The proposed autoencoder-based architecture allows the approach to perform three distinct tasks, i.e., classification, novelty detection, and localization, which support the collection of labeled datasets and the detection of novel situations. In particular, the classification task is to identify which operating condition among those known at the moment of the model training is implemented in any given moment. Novelty detection is to determine whether the operating condition implemented at that moment were not included in the classification model training, and therefore is novel. Finally, localization is to determine which signals are most involved in the novelty detection.

As demonstrated in the previous section, the deep learning models outperform traditional methods in establishing the working condition of a given system. From experiments conducted in Section 5, it emerges that when no fault occurs in one of the components, the proposed approach classifies the distinct settings of the machinery with a high accuracy and precisely recognizes novel conditions with respect to those used during the model training (See Table 3). Similar results are obtained even considering a sudden fault in one of the components (See Table 5). In particular, if the fault (C4) is included in the training set, i.e., if the fault mode has already occurred in the past, both known and novel operating conditions are correctly detected, and the autoencoder-based approach provides better results than traditional approaches. However, in cases where the fault is not known at the moment of training, the ability to detect the condition C4 decreases as more operating conditions are considered in the training phase (look at the last scenario of Table 4). This result suggests that the proposed approach is able to determine the operating condition of the system, but has to be improved in order to perform a system-level analysis and component-level analysis simultaneously. Improvements in this direction will be the objective of further research. From the experiment conducted in Section 5.1.2, it emerges that the window size does not affect the performance of autoencoder-based approaches, which implies a lower dependency of the model from the parameters set by the user.

In Section 5.2, the performance of the classification of the operating conditions are evaluated.
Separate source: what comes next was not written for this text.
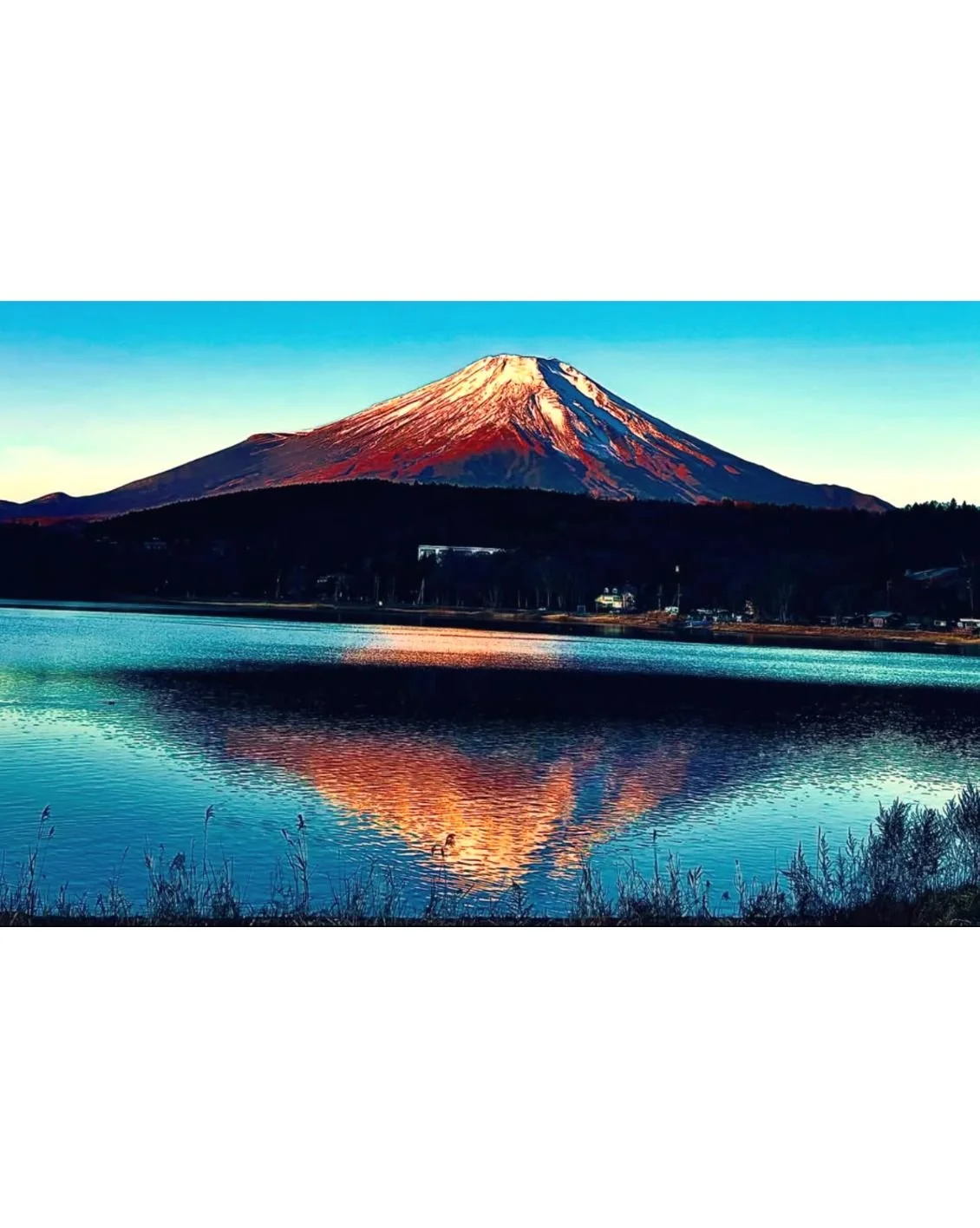 Snow-capped Mount Fuji reflected in a lake during sunset.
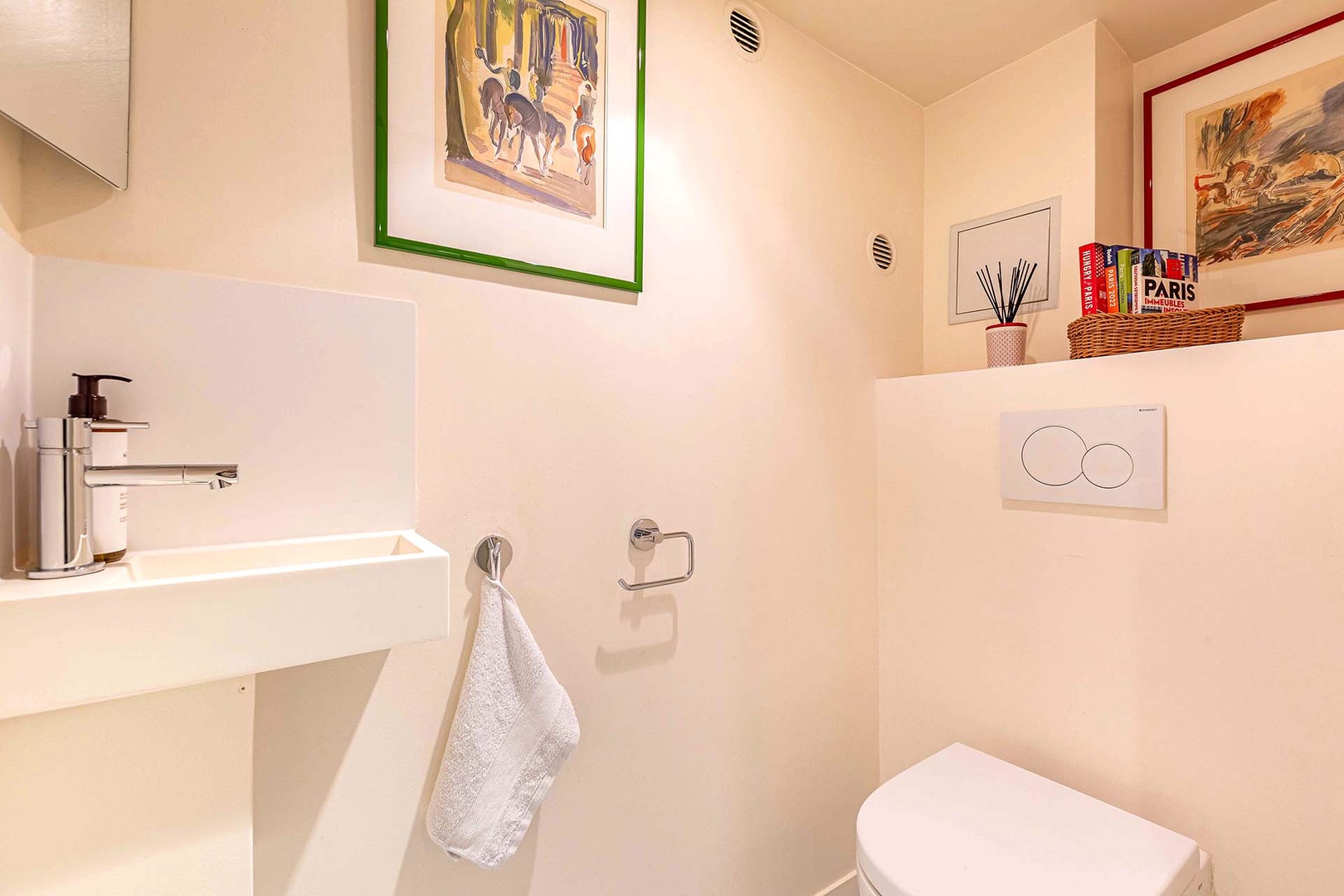 Powder room with toilet and sink.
The results show that the classification accuracy is high for all conditions except for condition C4. This means that when only considering a system-level analysis, the proposed approach recognizes exactly the current operating condition. In other words, a dataset collected during the machinery functioning in its actual environment is correctly and automatically labeled with the operating condition it refers to.

Finally, the performance of the localization task is evaluated. The goal of this analysis is to determine whether there exists a signal, or a subset of signals, that mostly contributes to the novel condition detection. This evaluation is important for two reasons. First, selecting a smaller subset of input signals would reduce the quantity of data to transfer and analyze. Second, it helps to identify which signals are more relevant for the setting recognition problem, which is particularly important in making the results of deep learning approaches easier to interpret. However, considering the results summarized in Table 10, it emerges that the most relevant signals depend on both the model used and the condition implemented. Hence, the localization task is useful in identifying the signals that determine the change of the setting, but cannot be used as a feature selection method.

7. Conclusions

In this paper, we proposed the adoption of autoencoder-based architectures for addressing the novelty detection task. We introduced an architecture template that extends autoencoders, providing novelty detection, classification of the operating condition, and explanation of the inference. Four implementations, with autoencoders based on different kinds of deep learning models, were evaluated on a complex dataset, composed of novel conditions and including anomalies. The experiments demonstrated that our proposal outperforms state-of-the-art techniques in recognizing and classifying operating conditions and is able to find the most important signals in the series. Further assessments in other scenarios will be conducted in the future to verify the generality of our proposal.

Author Contributions

Conceptualization, F.D.B., F.C., M.P., A.B. and F.G.; Methodology, F.D.B., F.C., M.P., A.B. and F.G.; Software, F.D.B.; Validation, F.D.B., F.C. and F.G.; data curation, F.C.; writing, F.D.B., F.C. and F.G. All authors have read and agreed to the published version of the manuscript.

Funding

This research received no external funding.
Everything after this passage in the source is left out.